King Soopers Store Workers Set to Go on Strike
Starting at 5:00 a.m. Mountain Time on Thursday, Feb. 6, all unionized King Soopers store workers across Colorado’s Adams, Arapahoe, Broomfield, Denver, Douglas and Jefferson counties as well as at the Kroger banner’s locations in the cities of Boulder and Louisville, Colo., are scheduled to go on two-week strikes protesting what their union, UFCW Local 7, alleges are unfair labor practices.
Last week, these workers voted by 96% to authorize the strikes, following months of contract negotiations and the expiration of their labor contract in January.
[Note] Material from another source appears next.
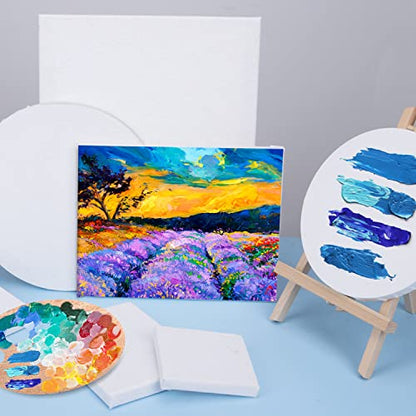 14 Packs Stretched Canvases for Painting, Multi Pack 11x14, 9.44x12, 8x10, 5x7, 4x4, Round Canvas with 8x8,10x10(2 of Each), Blank Primed Canvas, for Oil Paint, Acrylic Paint, for Beginners, Artists. - size: Multisize-14Pack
The strikes will involve around 10,000 workers at 77 stores.
According to Local 7, unfair labor practice (ULP) strikes are permitted under federal law when workers have tried to resolve a conflict or dispute with their employer and have formalized that complaint in a ULP charge against the employer with the National Labor Relations Board.
The union alleges such charges as illegally interrogating union members about its bargaining and surveilling members in discussions with union staff; illegally refusing to provide information necessary for the union to be able to make or consider proposals in contract negotiations, including sales data necessary for staffing proposals; illegally threatening members with discipline and sending home from work for wearing union clothing, buttons and other such gear; unlawfully insisting on gutting $8 million in retiree health benefit funds to pay for wage raises for active workers.
“This strike is about holding one of the largest corporations in America accountable when they break the law and cause harm to workers and our customers,” noted Kim Cordova, president of Local 7, which has offices in Colorado Springs, Cheyenne, Wheat Ridge, Grand Junction, Greeley and Pueblo, Colo. “We are holding this strike for a two-week period to allow everyone to understand our concerns, and give the employer time to right their wrong.”
Further, the company’s actions during a strike of King Soopers workers in 2022 are the subject of a lawsuit by Colorado Attorney General Phil Weiser for allegedly entering into an illegal “no-poach” agreement with Albertsons to undermine the striking workers.
Parent company Kroger has consistently refuted the union’s charges, noting that “[t]he company holds itself to the highest ethical standard and is confident that the union’s allegations of unfair labor practices are unfounded.” King Soopers has also vowed to keep stores open in the event of strikes.
UFCW Local 7 represents 23,000 union workers across Colorado and Wyoming, nearly 12,000 of whom are employed at King Soopers and City Market stores. Local 7 is affiliated with Washington, D.C.-based United Food and Commercial Workers International Union, which represents more than 1.3 million workers in the United States and Canada, making it one of the largest private-sector unions in North America.
The Kroger Family of Companies’ nearly 420,000 associates serve more than 11 million customers daily through a digital shopping experience and retail food stores under a variety of banner names. The Cincinnati-based grocer is No. 4 on The PG 100, Progressive Grocer’s 2024 list of the top food and consumables retailers in North America. PG also named Kroger one of its Retailers of the Century.